Hay, naturalmente, otras versiones destacables, aunque a veces se eche de menos un soplo de aliento poético y personal:

Igor Markevitch controla la Orchestre Lamoureaux (DG, 1958) con precisión, análisis y brillantez. El peculiar timbre de la orquesta francesa reta a una curiosa experiencia.

Carl Schuricht es otro deudor del legado toscaniniano, que asegura los tempi, ligeros y sencillos, con un modesto rubato para caracterizar cada variación (extremadamente delicada la nº 12, con su fantasmal flauta) sin perder el sentido de la forma. La grabación (Artemisia, 1962) presenta los habituales problemas en las mezclas (maderas en primer plano, pasando poco después al fondo de la orquesta de la Sinfonie-Orchester des Bayerischen Rundfunks).

Wolfgang Sawallisch contiene a la Wiener Philharmoniker (Decca, 1963) en la línea rigurosa, objetiva y racional, de sereno equilibrio sonoro, y corta de inspiración.

Que George Szell fue asistente de Toscanini se detecta en el estilo incisivo, de claridad textural y rítmica, y cierta despreocupación por las dinámicas, sin abandonarse al romance y a veces virando hacia lo lúgubre. El mesurado tempo en el finale le permite apuntalar su sentido arquitectónico.

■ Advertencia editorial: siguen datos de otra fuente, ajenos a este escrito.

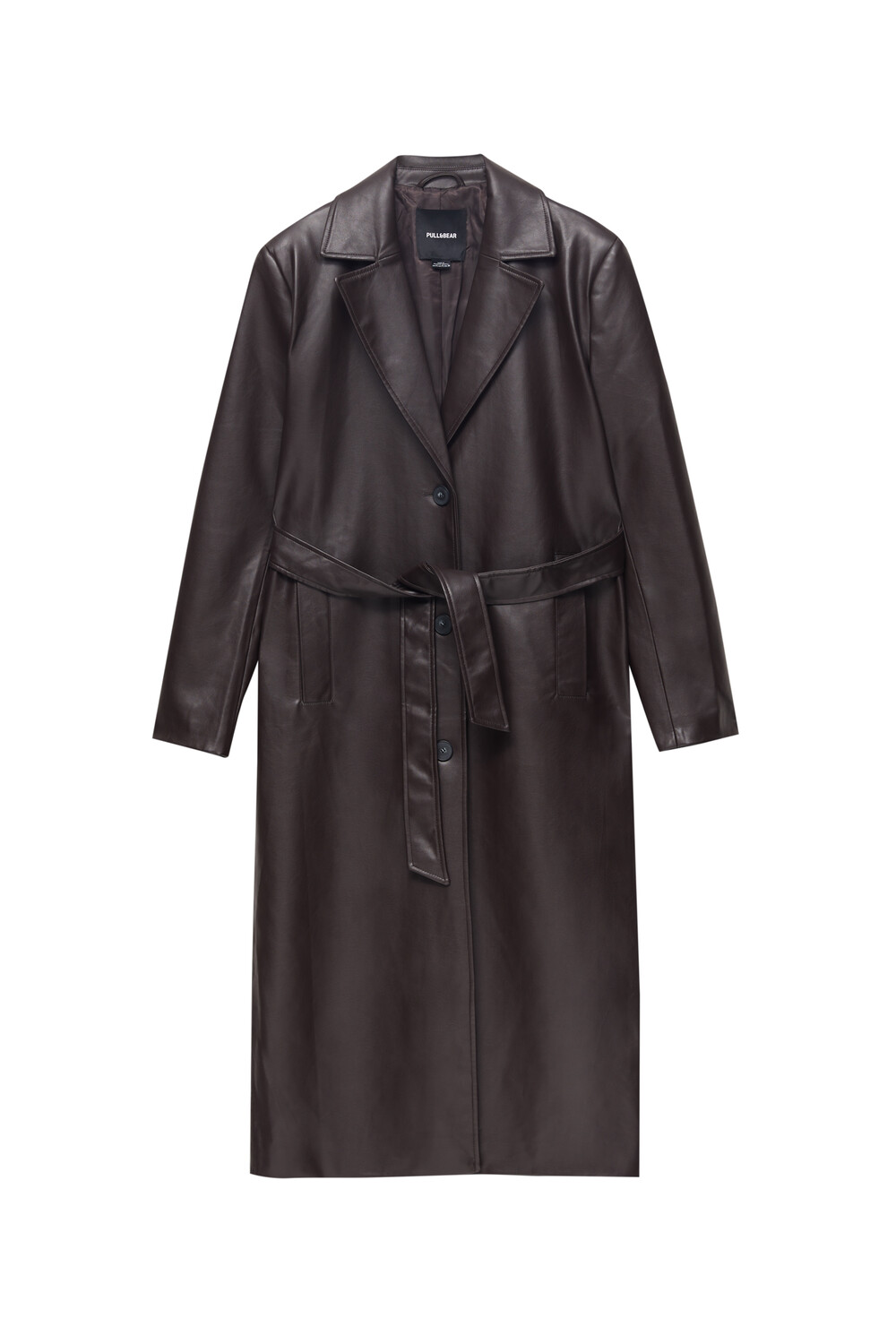 

Тренч Pull&Bear Buttoned Leather Effect, коричневый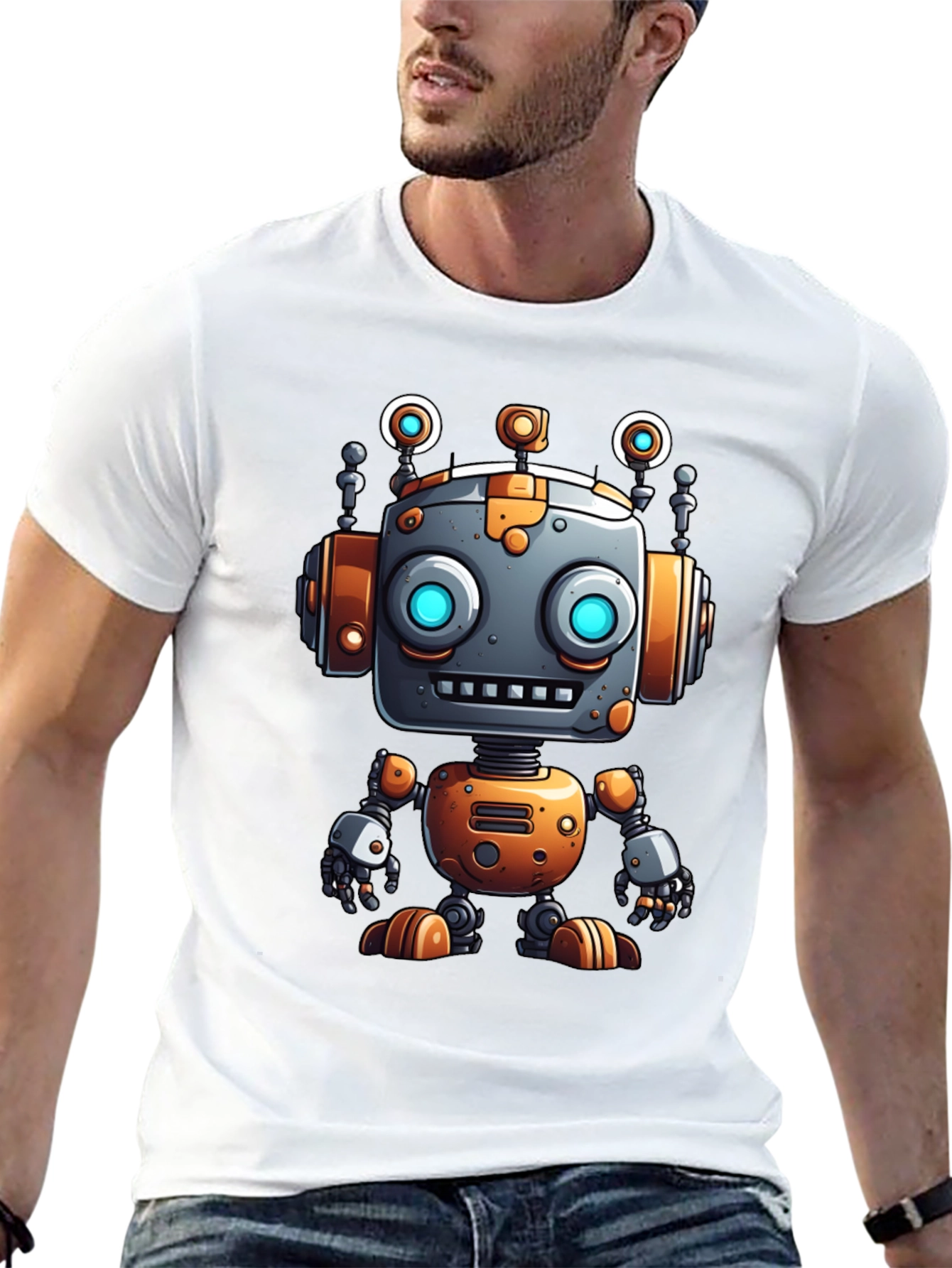 Cool Robot Graphic Tee - Sci-Fi Style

Enjuta grabación, parca en dinámica, de The Cleveland Orchestra (Sony, 1967).

Leopold Stokowski y la New Philharmonia Orchestra (RCA, 1967): centrado en la singular variedad tímbrica, de la que hace una charlatana hipérbole subjetiva, sin llegar a ser rapsódicamente amorfo.

Algunos críticos demuestran una gran lealtad al registro de Kurt Sanderling con la Staatskapelle Dresden (Tower, 1972): en la vía intermedia entre romántica y clásica (como el mejor Giulini) hace una lectura terrena, concisa y mesurada, de ataques suaves y nítidos, de tempi amplios, y canija de arrebato. Su segundo intento con la Berliner Simphonie Orchester (Capriccio, 1990) presenta mejor sonido.

La de Bernard Haitink con la Royal Concertgebouw Orchestra de Amsterdam (Philips, 1972) es otra interpretación calculada, rítmicamente exacta, atinada al planificar los juegos de tensión y relajación, pero hay músicas (la de Brahms sobre todo) que soportan mal una aproximación exclusivamente lógica.

La grabación en directo de Yevgeni Mravinsky dirigiendo a la Filarmónica de Leningrado (Melodiya, 1973) ofrece un sonido pleno, timbrado y robusto, por lo que es aún más lamentable que el exceso de rigidez en los ritmos no case bien con el vienés adoptivo que fue Johannes Brahms.

István Kertész (Decca, 1974): Aproximación seria en la línea de Haitink, pero con una Wiener Philharmoniker en su cénit. Excelente grabación.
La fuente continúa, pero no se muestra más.